Fretter was an electronics and major appliance retailer based out of Detroit, Michigan, founded in the 1950s by Oliver "Ollie" Fretter.

Fretter's first store was located on Telegraph Road just north of Interstate 96 in the city of Redford, Michigan, and the main warehouse, warehouse store and company headquarters, was on Schoolcraft Road (I-96 service drive) in Livonia. Fretter expanded his operations throughout the midwest and New England by the 1970s.

The company's founder and spokesman, Ollie Fretter, became known in the Detroit area in the 1970s and 1980s by humorous TV commercials in which he promised, "I’ll give you five pounds of coffee if I can't beat your best deal. The competition knows me. You should too!" (When occasionally he had to make good on the whimsical offer, Fretter gave away one-pound cans of coffee that had been relabeled "net weight — 5 pounds".)

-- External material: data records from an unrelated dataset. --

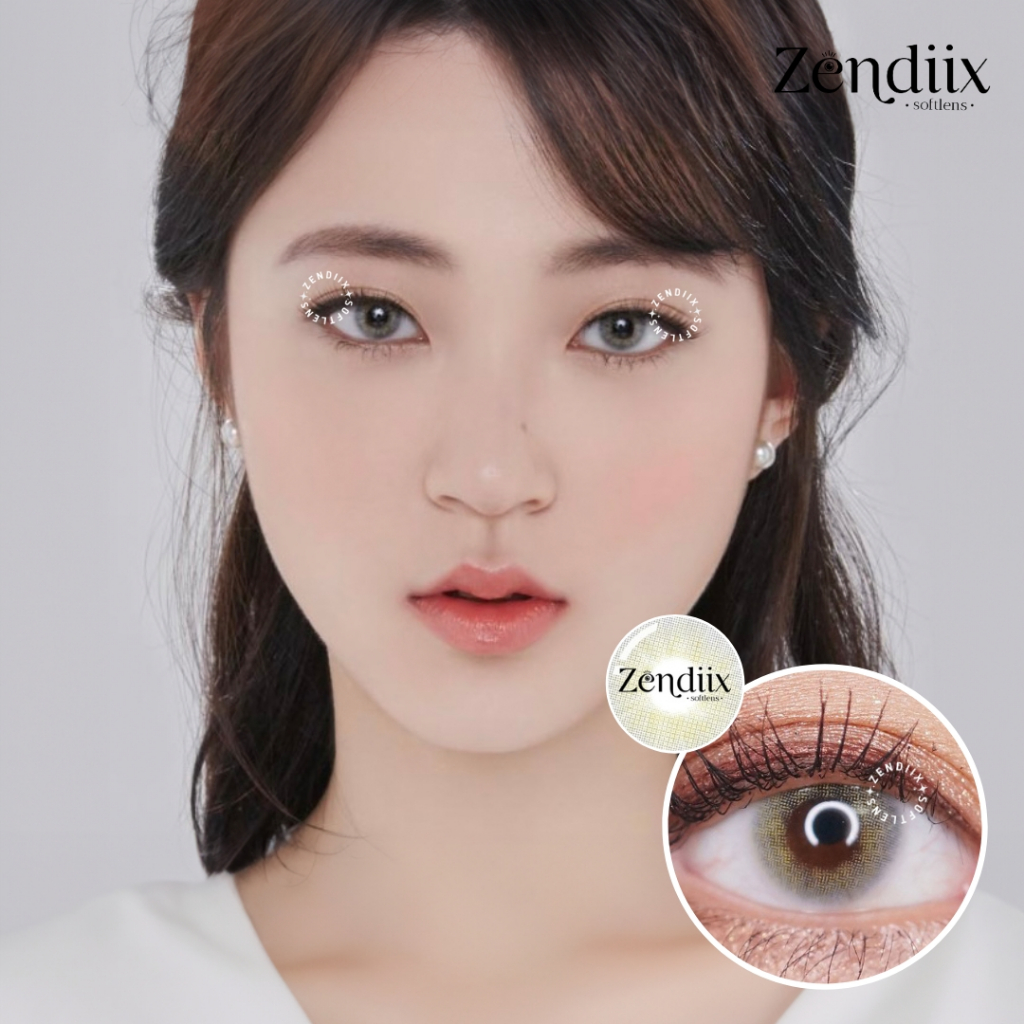 Softlens TRAPEZIUM Warna BELLA SMOKY Normal Minus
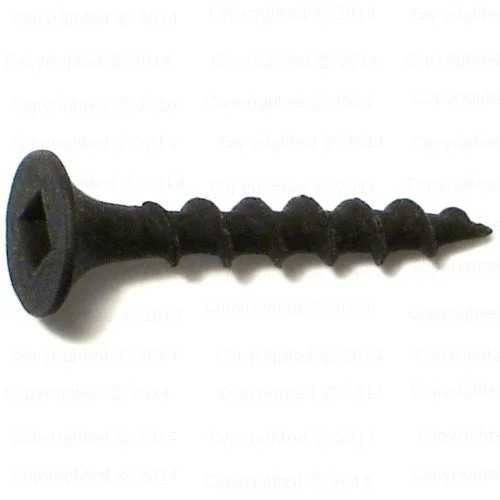 Screws for Heavy Woodworking Applications-Square Drive Coarse Thread Drywall Screws - #8 Diameter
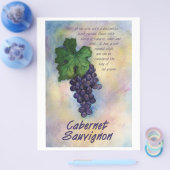 Cabernet Sauvignon Wine Flyer (Enkel)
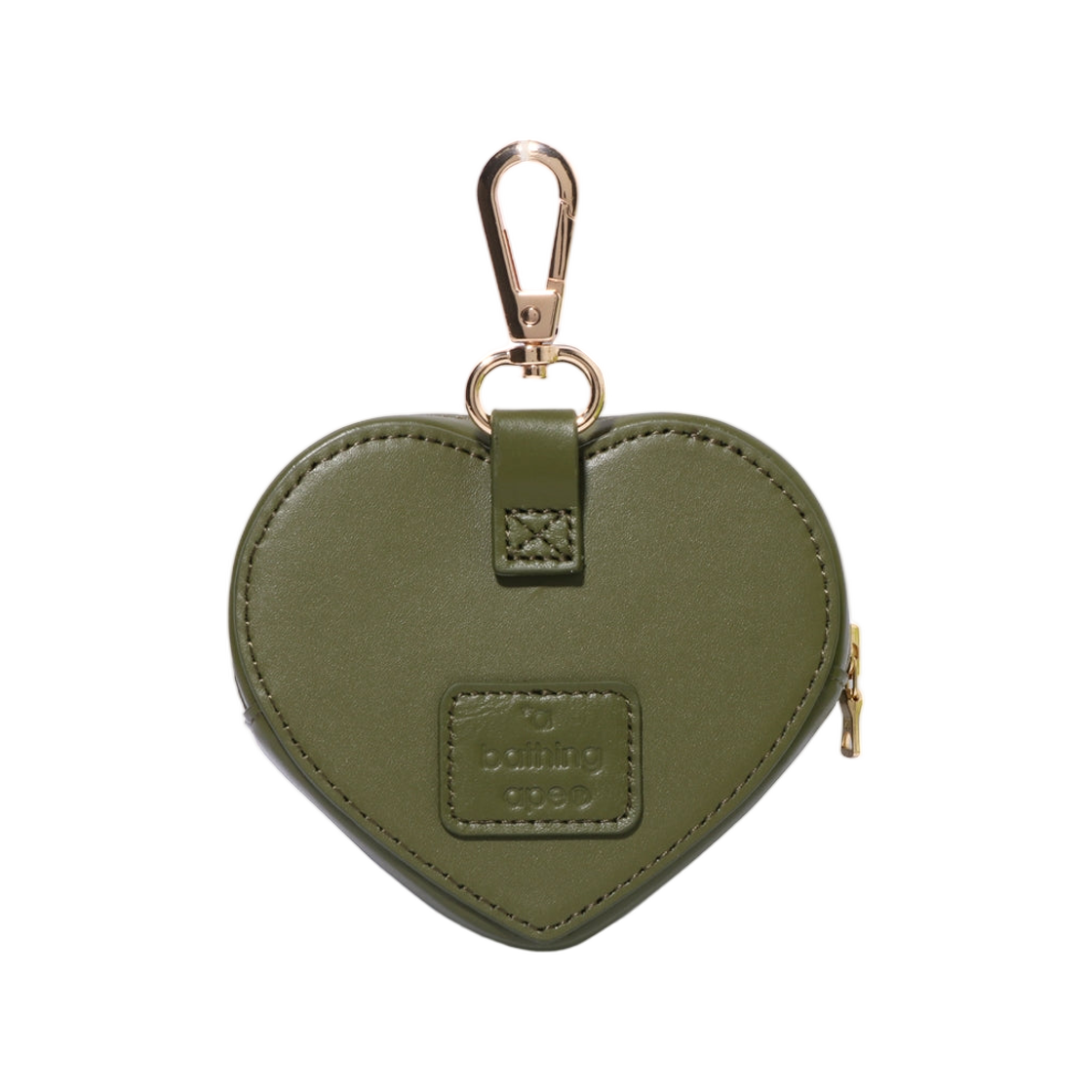 베이프 퍼스트 카모 하트 쉐이프 코인 케이스 그린(BAPE 1st Camo Heart Shaped Coin Case Green) - 2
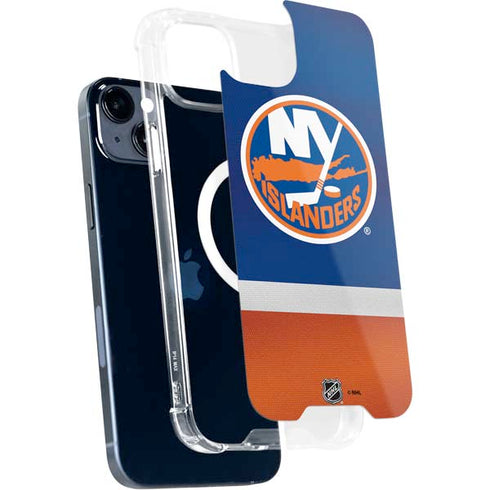 NHL New York Islanders Jersey iPhone 15 Plus MagSafe Case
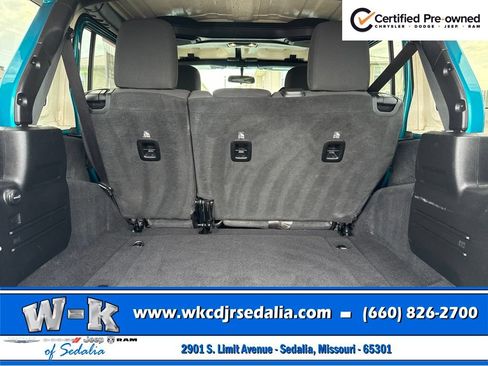 Certified 2020 Jeep Wrangler Unlimited Sport AWD/4WD image 26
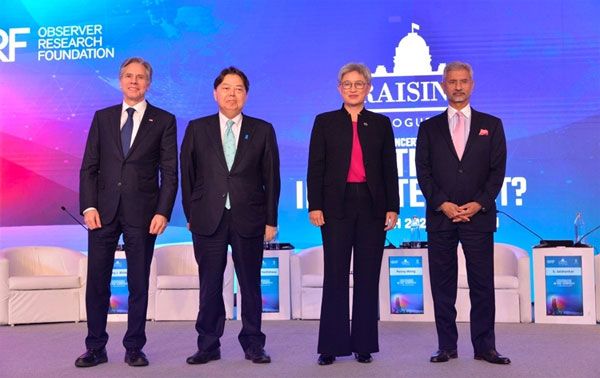 क्वाड देशों के विदेश मंत्रियों ने भारत-प्रशांत क्षेत्र की संप्रभुता और समृद्धि की प्रतिबद्धता दोहराई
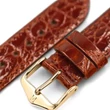 Kép 3/3 - Hirsch Kajmán bőr óraszíj 19mm - Genuine Croco M - 01808170-1-19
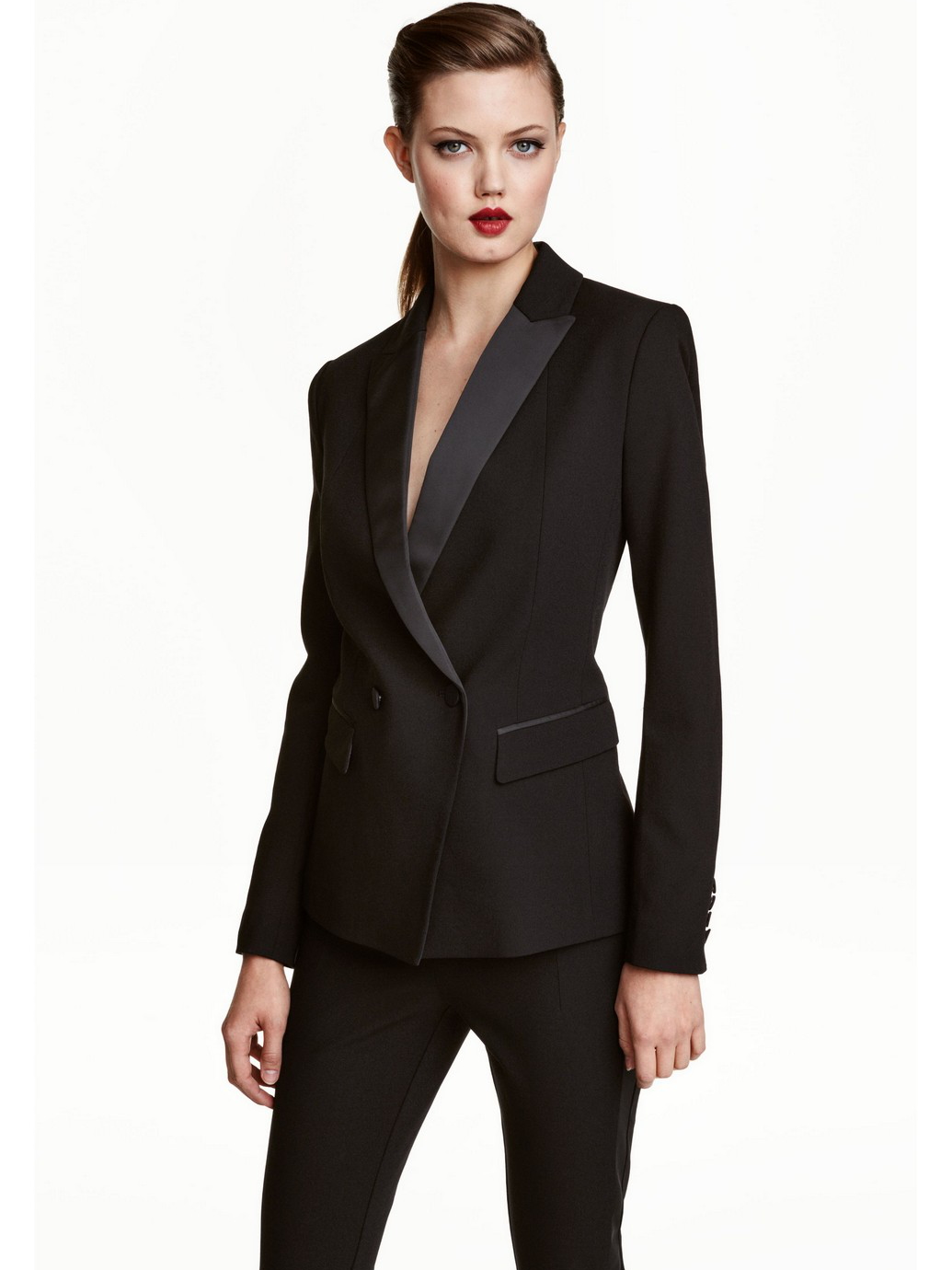 

Пиджак H&M 0420643_01  Черный, Пиджак H&M 0420643_01 40 Черный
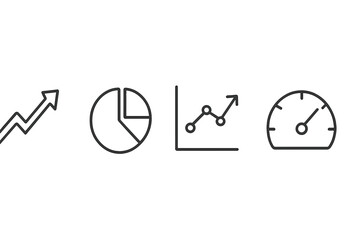 Poster - Graphs and charts representing data analysis and performance metrics in a business context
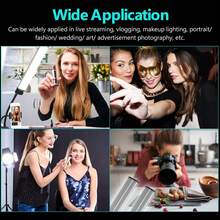 22in Double Arm Fill Light Dual Color Temperature LED Beauty Video Light with Phone Holder for Live Streaming Photography - Ver 6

The company paid its salespeople on a draw against commissions program, although they were paid spiffs instead of pure commission. Spiffs were calculated based on profit margin and other incentives, not based on the price of the product. Salespeople were not encouraged to sell the more expensive unit, but a model not carried by the competition which couldn't be directly price compared and therefore had a higher mark-up. Salespeople learned that the coin endings of the products directed them to which item to sell. Products with a .97 ending were high margin items and paid well; while .86 were not as profitable, and .75 were advertised items that paid very little. Clearance items were priced with repeating numbers like .66, .55, and .33 depending on how old the item was. Special order and hard to find items were priced with .71 endings and while they paid comparable to a .97 item a salesperson may get burned when the item was not in stock and/or delays in new stock arriving.

Fretter maintained its marketing strategy as a low-cost retailer, even hiring outside research companies to compare prices with competitors and making that information available to sales people at their point-of-sale terminals. The move did little to sway public opinion since the chain sold higher end goods than its competitors but did not make that point clear in its advertising. Consumers were also deceived by SKU# used by competitors instead of Model# which made it difficult for a consumer to properly compare models between retailers. While Fretter and its competitors both sold a brand, they rarely sold the same models within the brand.